I'm doing binary text classification. I used TF-IDF weighting to build the CNN model, but I got results that weren't as expected.
train_df = pd.read_csv("merged_data.csv", encoding='utf-8')
x = train_df['Text'].values
y = train_df['Label'].values
x_train, x_test, y_train, y_test = train_test_split(x, y, test_size=0.2, random_state=0)
encoder = LabelEncoder()
y_train = encoder.fit_transform(y_train)
y_test = encoder.transform(y_test)
vectorizer = TfidfVectorizer(max_features = 10000)
train = vectorizer.fit_transform(x_train)

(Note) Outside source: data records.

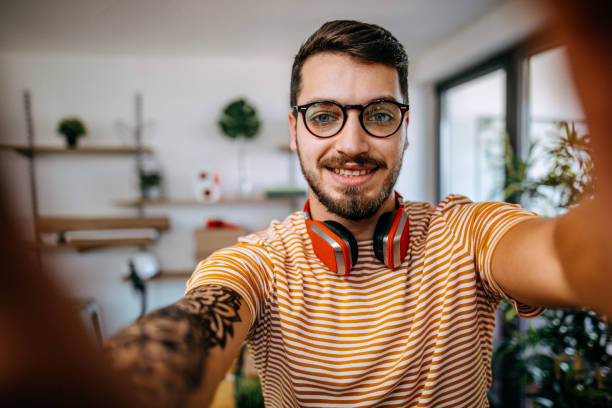 istock Young man takes selfie 1086675180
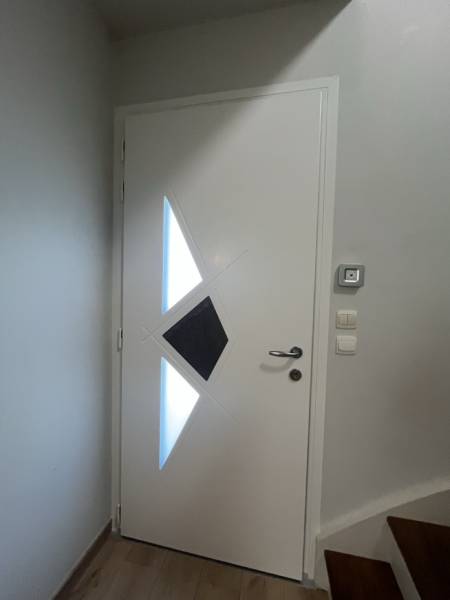 pose de porte de garage sur-mesure par ETANEL à Normanville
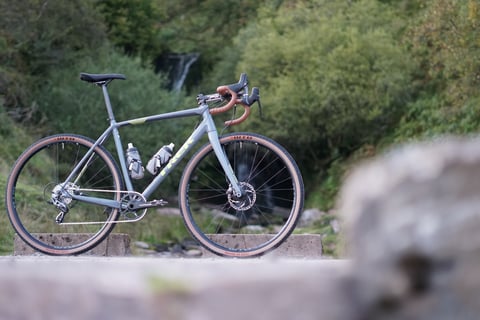 James Heaton's grey Trek Crockett 7 gravel bike with tan-wall WTB Byway tyres, parked by a waterfall in South Wales.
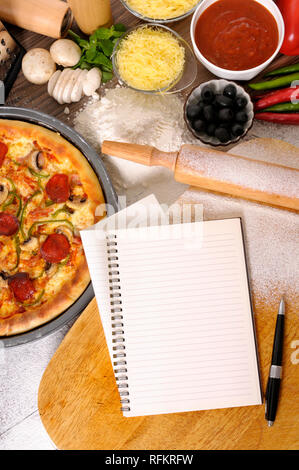 Pane appena sfornato salsiccia per pizza Pizza con vuoto o notebook cookbook, taglieri e vari ingredienti Foto Stock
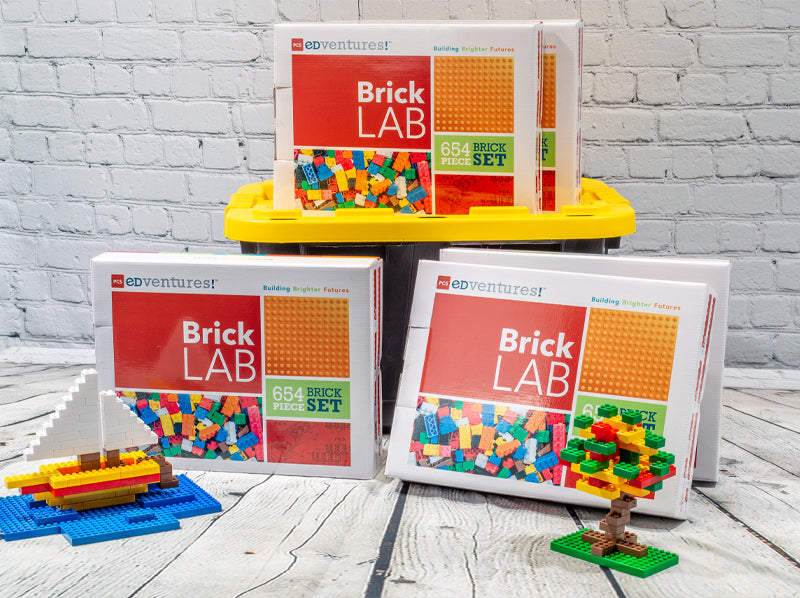 PCS Edventures BrickLAB boxes with brick builds of a boat and tree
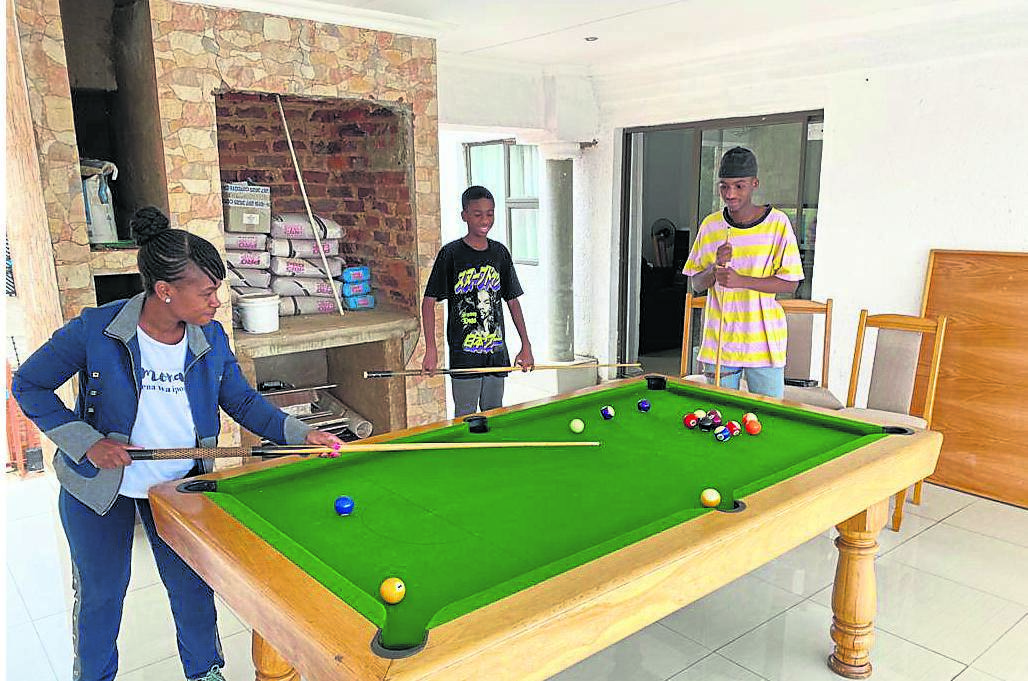 Winnie Seloba enjoys a game of pool with her sons at home in Limpopo.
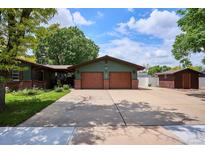 Charming home featuring a spacious driveway, green siding, brick accents and mature trees at 850 Idalia Cir, Aurora, CO 80011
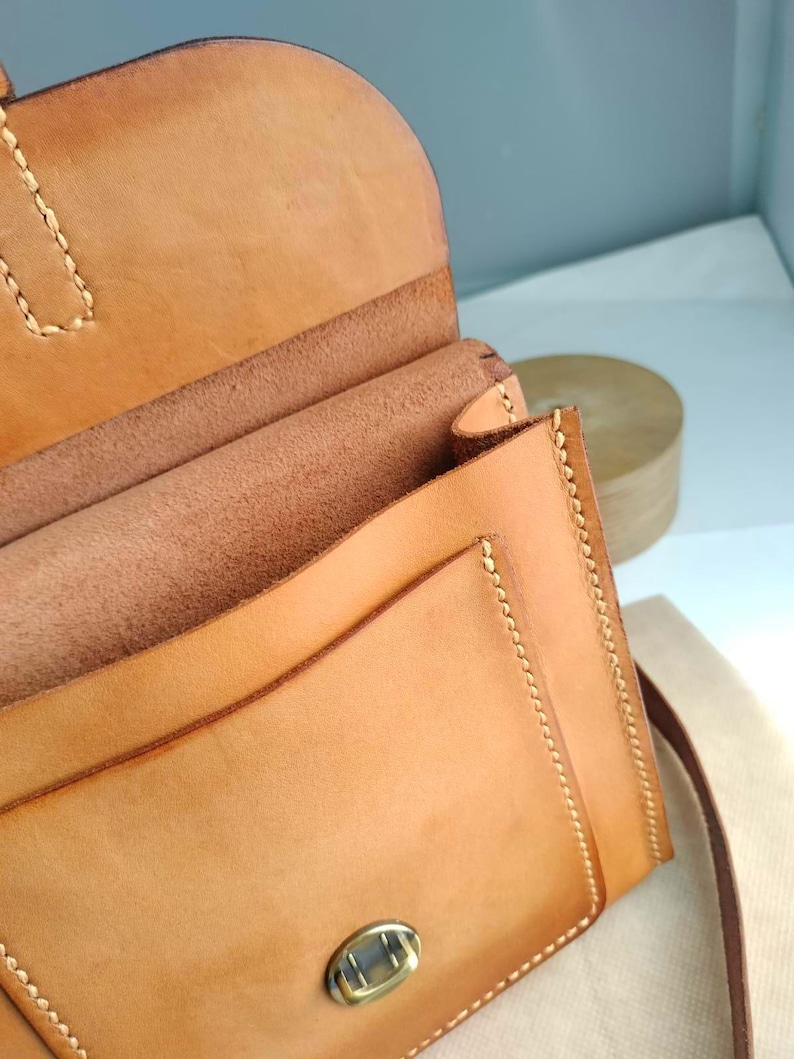 May include: A light brown leather crossbody bag with a flap closure and a metal clasp. The bag features visible stitching along the edges and a long strap. The interior of the bag is visible, showing multiple compartments.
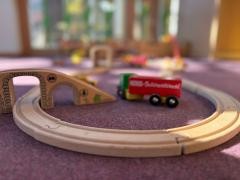 Eine Holzeisenbahn ist auf dem Boden aufgebaut.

x_test = vectorizer.transform(x_test)
x_train = pad_sequences(x_train.toarray(), padding='post', dtype='float32', maxlen=1000)

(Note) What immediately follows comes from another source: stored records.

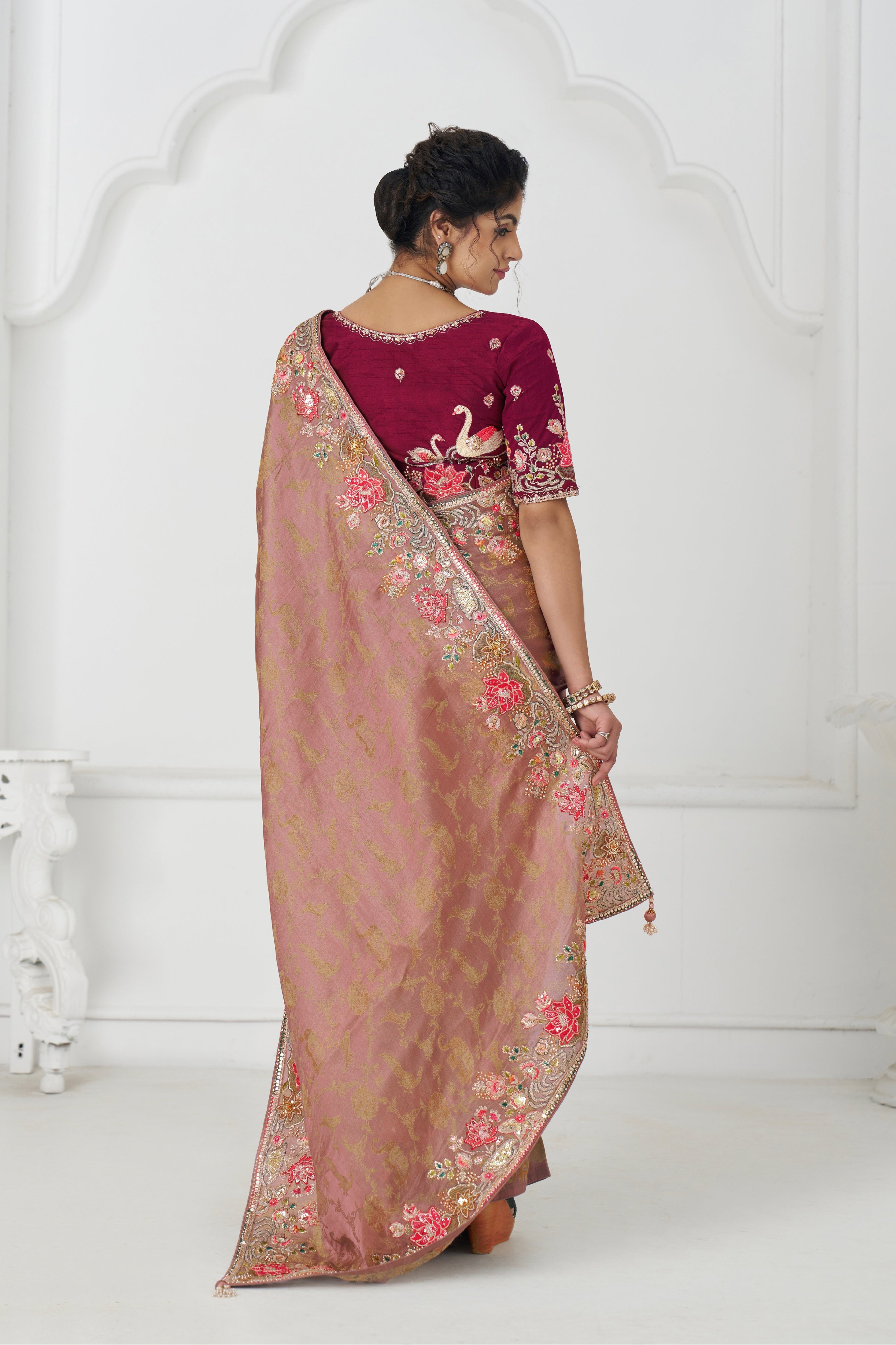 Festive peach saree with traditional thread and beadwork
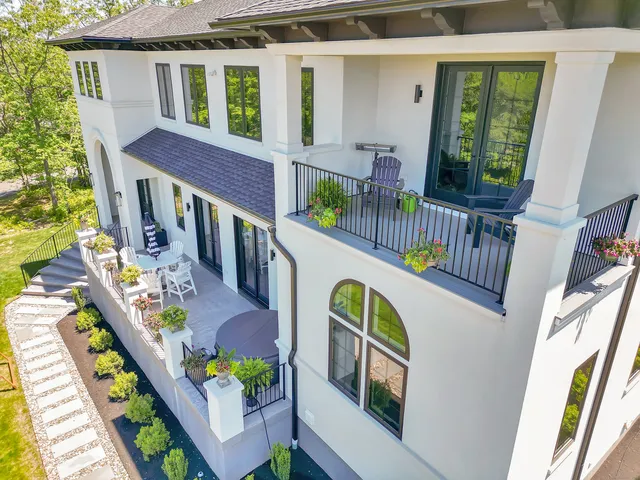a view of balcony with wooden floor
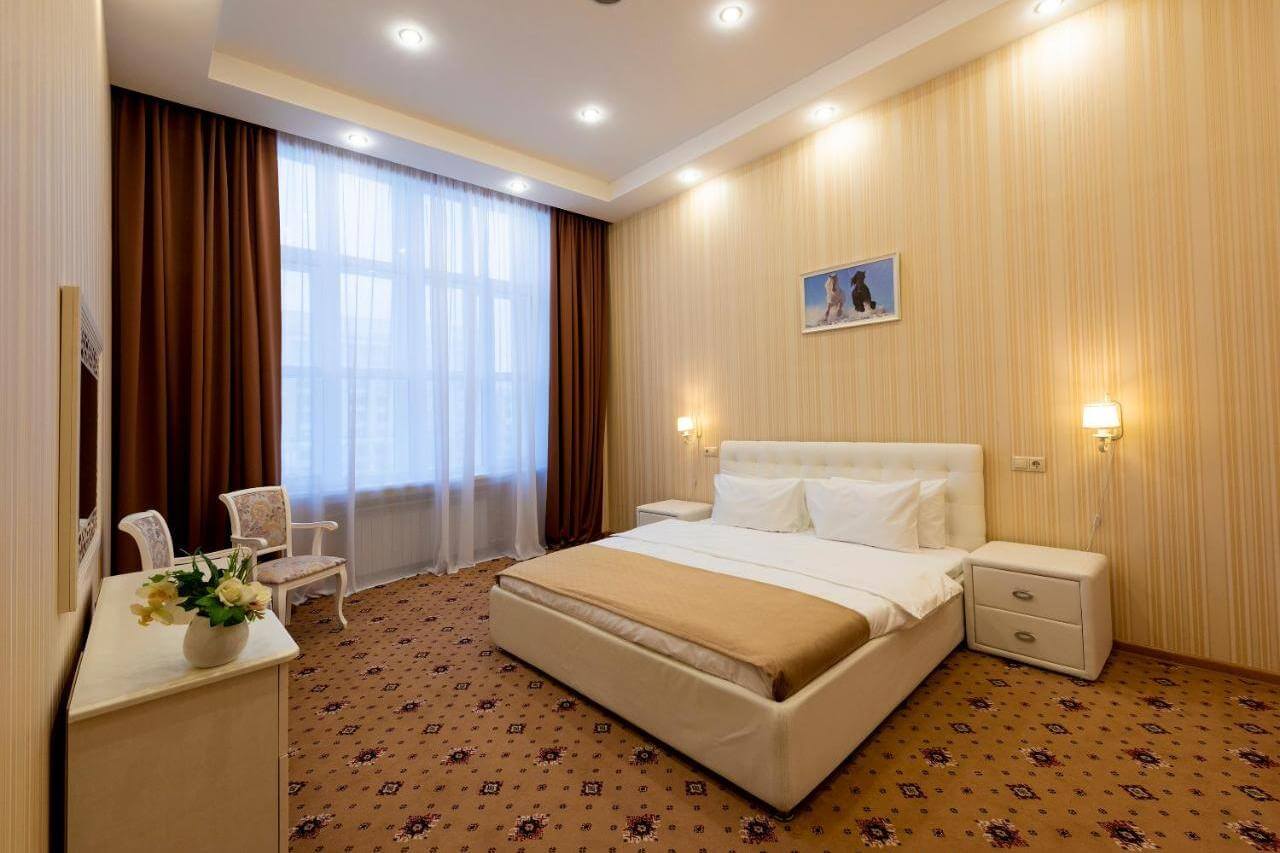 Интерьер гостиничного номера: большая, двуспальная кровать с прикроватными тумбочками, зеркало и комод.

x_test = pad_sequences(x_test.toarray(), padding='post', dtype='float32', maxlen=1000)
max_words = 10000
cnn = Sequential([
Embedding(max_words, 64, input_length=1000),
Conv1D(64, 3, activation='relu'),
GlobalMaxPooling1D(),
Dropout(0.5),
Dense(10, activation='relu'),
Dense(1, activation='sigmoid')
])
cnn.compile(optimizer='adam', loss='binary_crossentropy', metrics=['accuracy', Precision(), Recall()])
cnn.summary()
batch_size = 128
epochs = 1
history = cnn.fit(x_train, y_train, epochs=epochs, batch_size=batch_size, validation_data=(x_test, y_test))
(loss, accuracy, precision, recall) = cnn.evaluate(x_test, y_test, batch_size=batch_size)
preds = cnn.predict(x_test)
y_pred = np.argmax(preds, axis=1)
y_pred
clr = classification_report(y_test, y_pred)
print(clr)
Model performance results:
I would like to adjust this code to improve model performance.
Can you please adjust this code to provide better model performance?